The thing that gives me the most pleasure however, is learning about the impact that Ashbourne has had on the lives of the young people I have helped along the way. Just last week I was stopped in the street by a really quite impressive looking individual. Immaculately presented, confident and business-like. After a double take I realised it was a former student with us from 2008-2010. I firstly embarrassed myself by asking if she'd graduated (of course she had nearly 2 years ago) then asked what she was doing. "I work for a development organisation promoting human rights in Libya and I'm just back from a conference in Turkey" was the matter of fact answer. I couldn't have been more proud of her and of the role Ashbourne played in helping her achieve her ambitions. It made me feel privileged that Ashbourne and therefore I, have helped students like that one achieve their ambitions and have had a positive impact. The careers and destinations of Ashbourne's leavers must be amongst the most eclectic of any sixth form or school in London and indeed the whole of the UK, and I feel proud to be a part of that.

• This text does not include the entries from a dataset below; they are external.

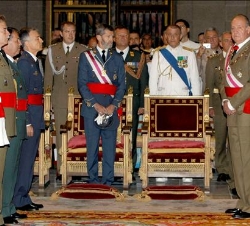 Don Juan Carlos y Don Felipe durante la celebración del Capítulo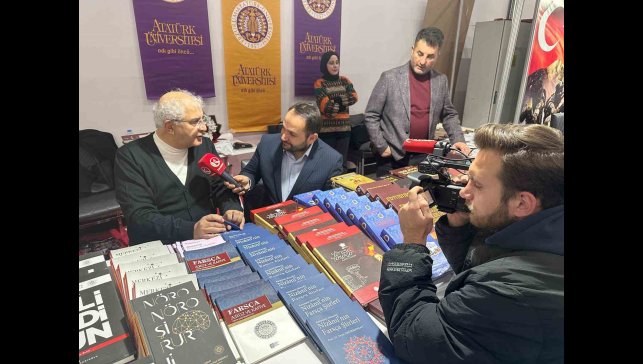 Prof. Dr. Hakan Kadıoğlu, Kitapseverlerle Erzurum'da buluştu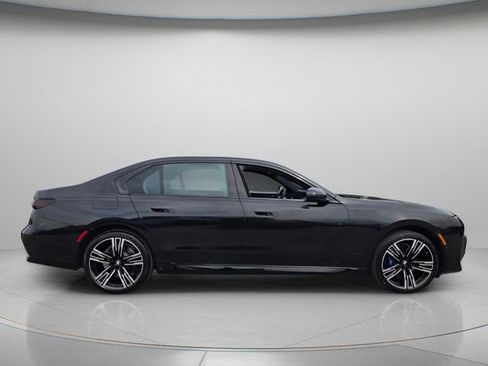 Used 2023 BMW 740i RWD image 4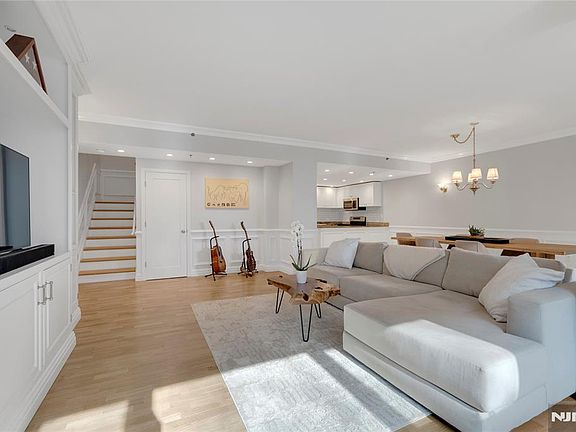 2nd image of 2 Constitution Ct APT 106
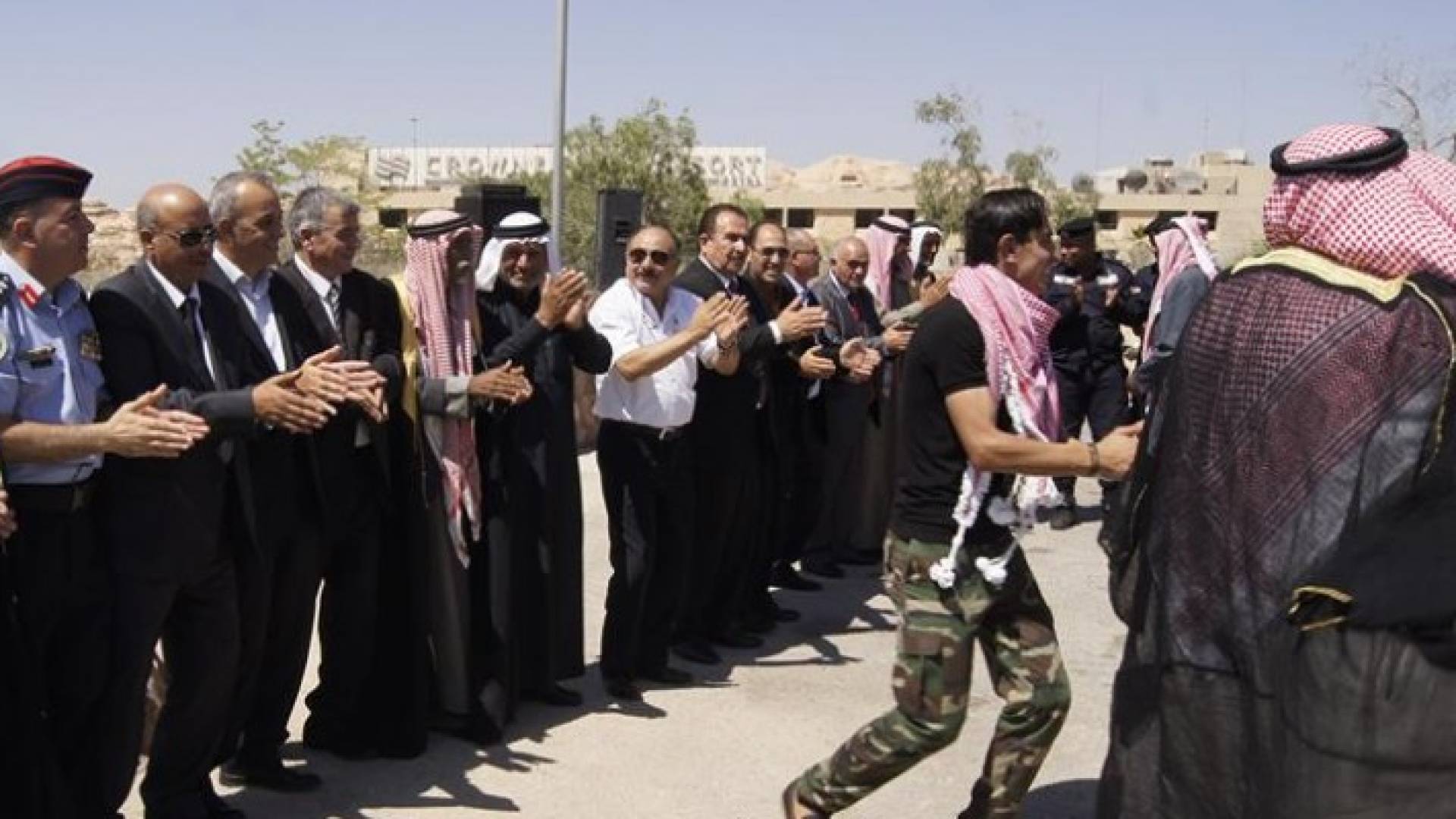 البترا تحتفل بمئوية الثورة العربية الكبرى .. صور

Academic success is important. I really believe that it opens doors and creates opportunities. However, it is never the be-all-and-end-all and I get as much satisfaction and pride from the non-academic success of our wonderful student body. It's always very humbling to know that I have made a positive contribution to someone's life, and perhaps taught them a skill or built their confidence. I hope that I've always tried to do this and sometimes been successful.

John Wilson 2

So to every single Ashbourne student past and present, please know the enormous impact you have had on me, and how much you have made me the person I am today. Please forgive my mistakes, I am sure there have been many, and thank you for the benefit of the doubt, your many kind words and your very good humour. To everyone who has appeared in a Revue - I told you you wouldn't regret it! And to every upper sixth biology student, I hope I served you well. I truly wish you well.
And to the class of 2015, I'm sorry I can't be with you until the end, you are a wonderful bunch! Perhaps you will invite me to your leaving do?? Please believe you can achieve anything you put your mind to, and do your best to get there. Take the odd risk and never let anyone tell you that you can't do so something. Be proud of where you come from and be proud of where you've been. I'm proud of you all and I won't forget you. Good luck and my best wishes always.